Infine il documento sottolinea il positivo contributo dei cristiani nel Medio Oriente: “I contributi positivi dei cristiani nei diversi paesi e società del Medio Oriente sono ben noti e creativi. Siamo fiduciosi che tutti i governi, tutti i leader religiosi e civili del Medio Oriente si uniranno nell’affrontare questa situazione allarmante nel costruire insieme una cultura di pacifica coesistenza. Nel nostro mondo globalizzato il pluralismo è un arricchimento.

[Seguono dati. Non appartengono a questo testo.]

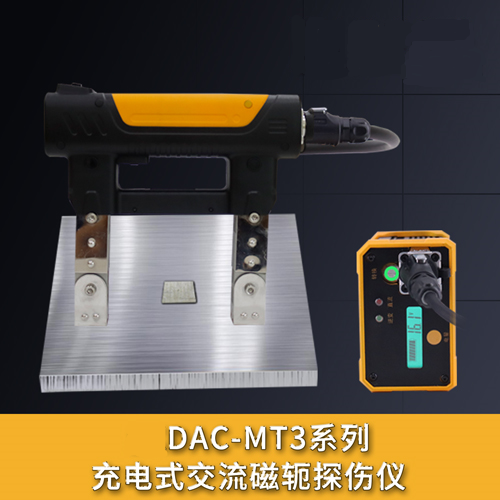 DAC-3UV充电式交直流磁轭探伤仪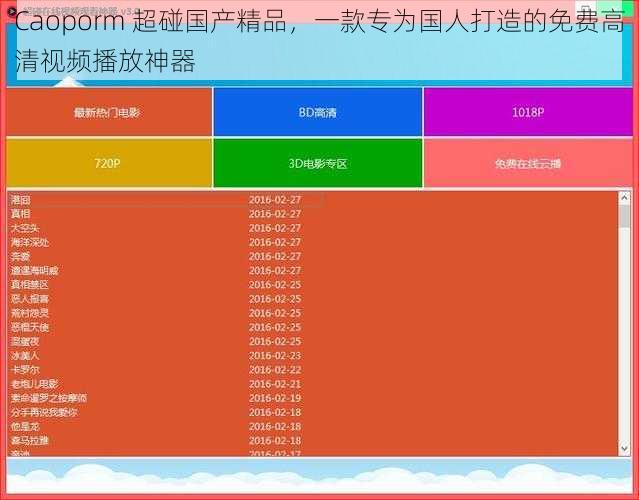 Caoporm 超碰国产精品，一款专为国人打造的免费高清视频播放神器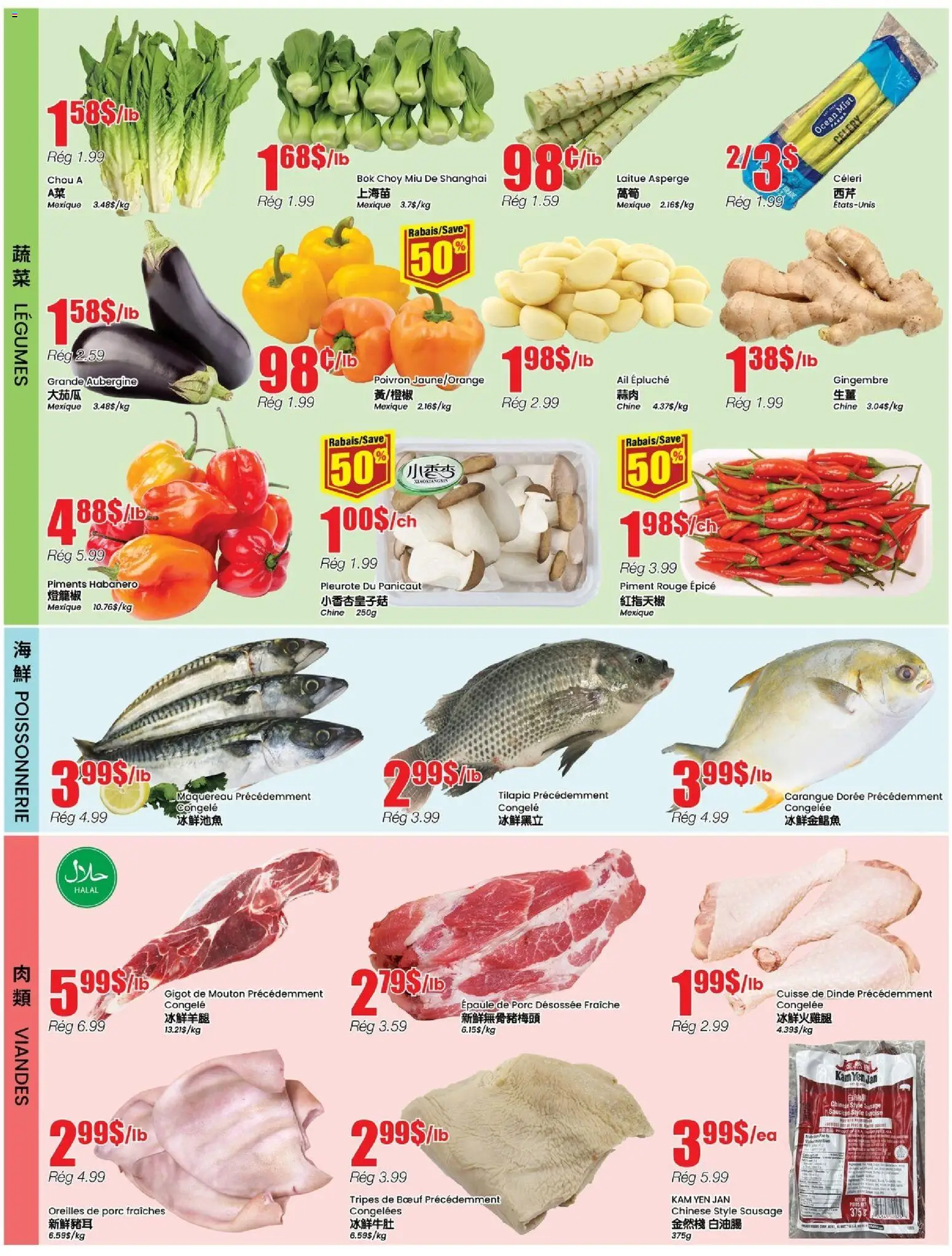 Btrust Supermarket flyer valid from 26.03.2026 | Page: 3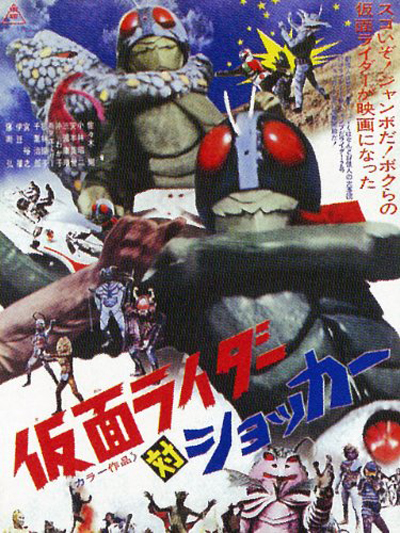 Kamen Rider vs. Shocker (1972) Screenshot 1
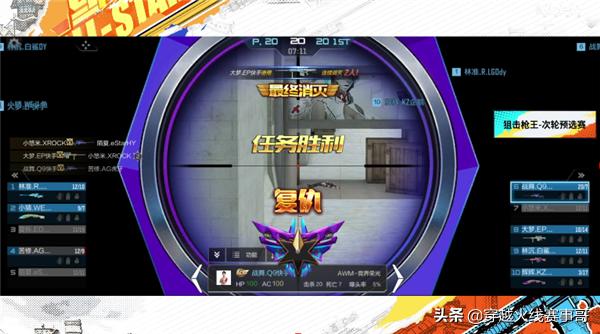 叮当猫总决赛,叮当猫比赛视频完整版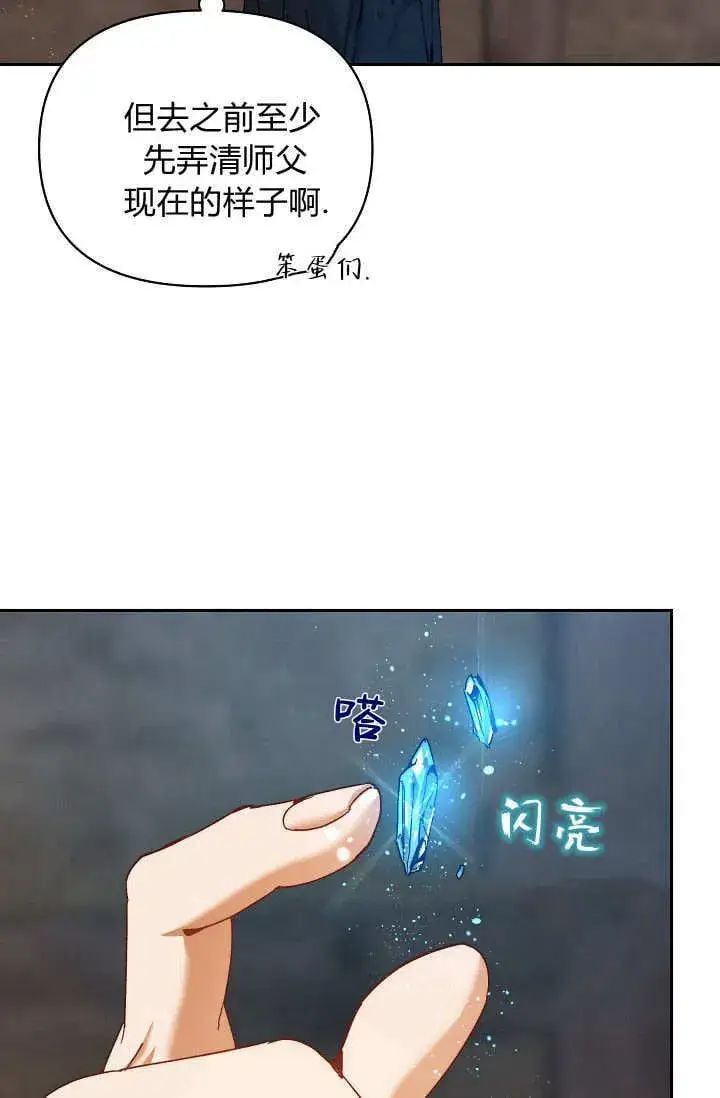 漫画《黑幕男主的限时乳母》第40话第70张图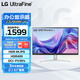 LG 27UP600K 27英寸 4K電腦顯示器 IPS高清 HDR400 1200:1對(duì)比度 適用PS5 游戲辦公外接筆記本顯示屏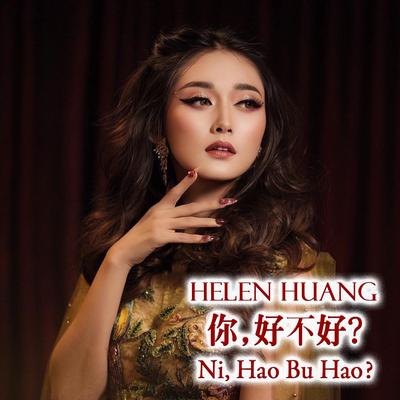 Ni, Hao Bu Hao?'s cover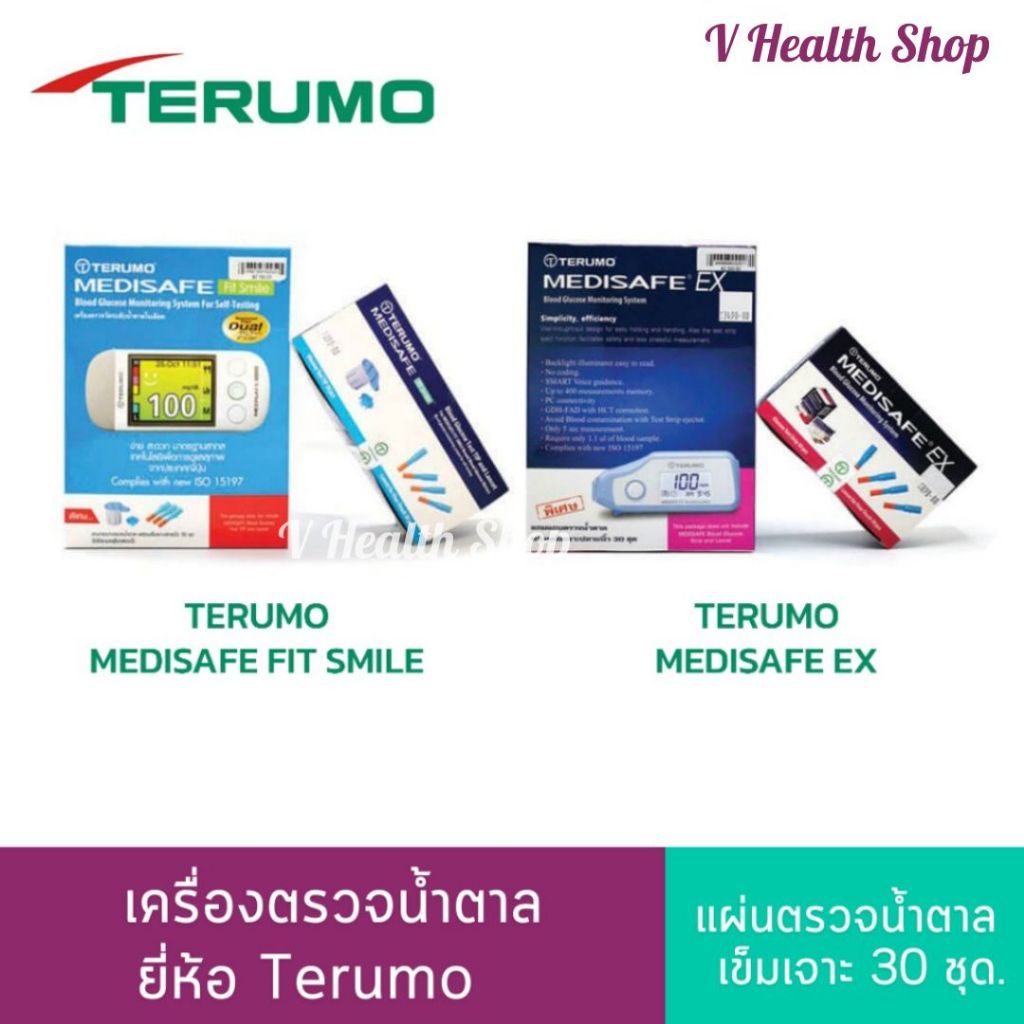 เครื่องตรวจน้ำตาล Terumo รุ่น Medisafe Fit Smile / Medisafe EX ฟรี แผ่นตรวจน้ำตาล และ เข็มเจาะ 30 ชุด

La presenza e il contributo di comunità etniche e religiose riflette una antica diversità e una comune eredità. Un futuro senza le diverse comunità del Medio Oriente implicherà il rischio di nuove forme di violenza, esclusione e assenza di pace e sviluppo. Facciamo appello alla comunità internazionale nel sostenere la presenza profondamente radicata di tutte le comunità religiose ed etniche del Medio Oriente…

Chiediamo dunque a tutti gli Stati di riaffermare il loro impegno al rispetto dei diritti di ognuno, in particolare il diritto alla libertà di religione, che è sancita dagli strumenti dei diritti umani internazionali fondamentali”.